As the longest-running movie to ever be released in Sweden, this teen movie follows the coming-out process of a middle school girl. As she becomes aware of her homosexuality, she rebels in the silliest of ways.

Yet, we sympathize: she deals with a heavy burden in the half-juvenile half-worldly manner of confused teenagers.

Most of all, her homosexuality takes backseat to her struggle to define herself. Like her classmates, she is happy as long as she's not embarrassed or stands out from the crowd.

The hysterical script highlights the ridiculousness of teenage years but never ignores the seriousness of budding self-accountability.

7. "Caché" (Hidden) and "La Pianiste" (The Piano Teacher)

In the mood for some disturbing images and creepy abuse? Writer/director Michael Haneke is your man.

He fabricates visions of the haunting magnitude only German directors are capable of producing. He tells disturbingly touching tales with subtle, yet intense drama and sinister insight into the human fascination with power.

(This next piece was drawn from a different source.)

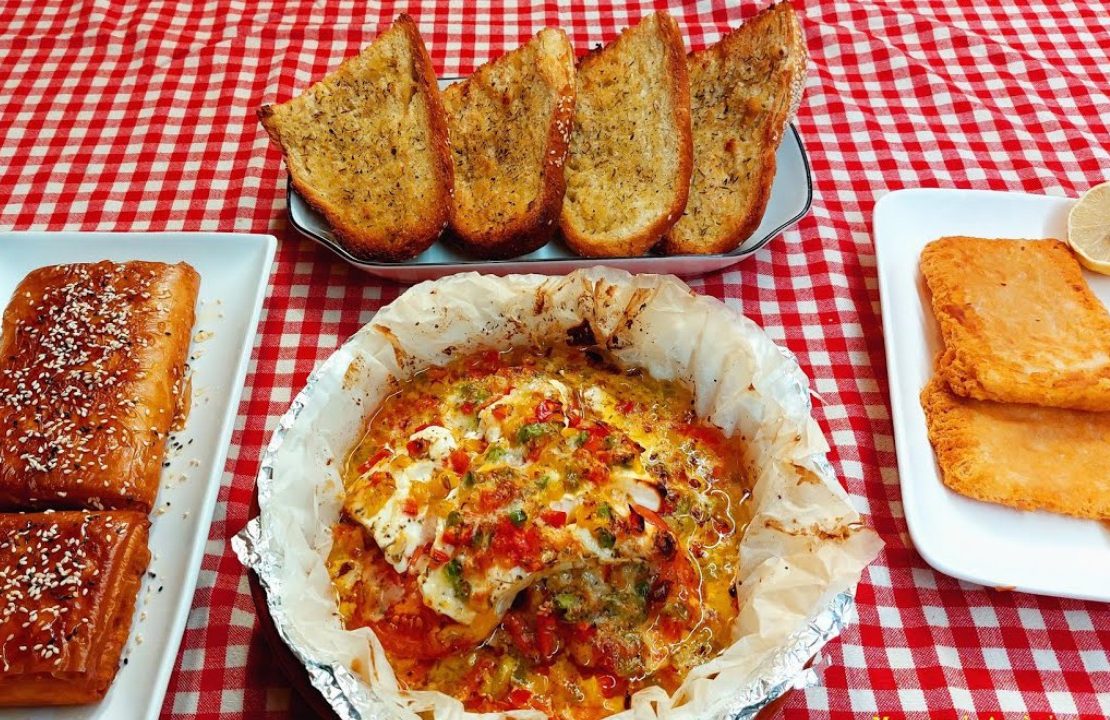 Φέτα με φύλλο κρούστας και μέλι - Fried Feta with honey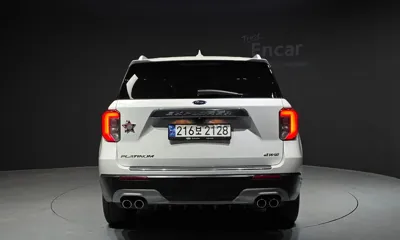 Ford Explorer 2022, 66694 км, за 22362.34 USD - фото 4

In "Cache," a family receives anonymous packages containing videotapes showing their house under surveillance. The resulting paranoia brings latent secrets to the surface and violence to the mind.

After seeing "Caché" you'll keep your blinds permanently shut and your doors constantly locked.

As for "La Pianiste," the plot revolves around a piano teacher who falls for her younger student and manipulates him into her web of sexual repression and self-abusing behavior.

"La Pianiste" will touch your soul with its clammy, twitching hands as they grope for sexual fulfillment.

And none of these films will remind you even remotely of schoolwork or other real-world concerns.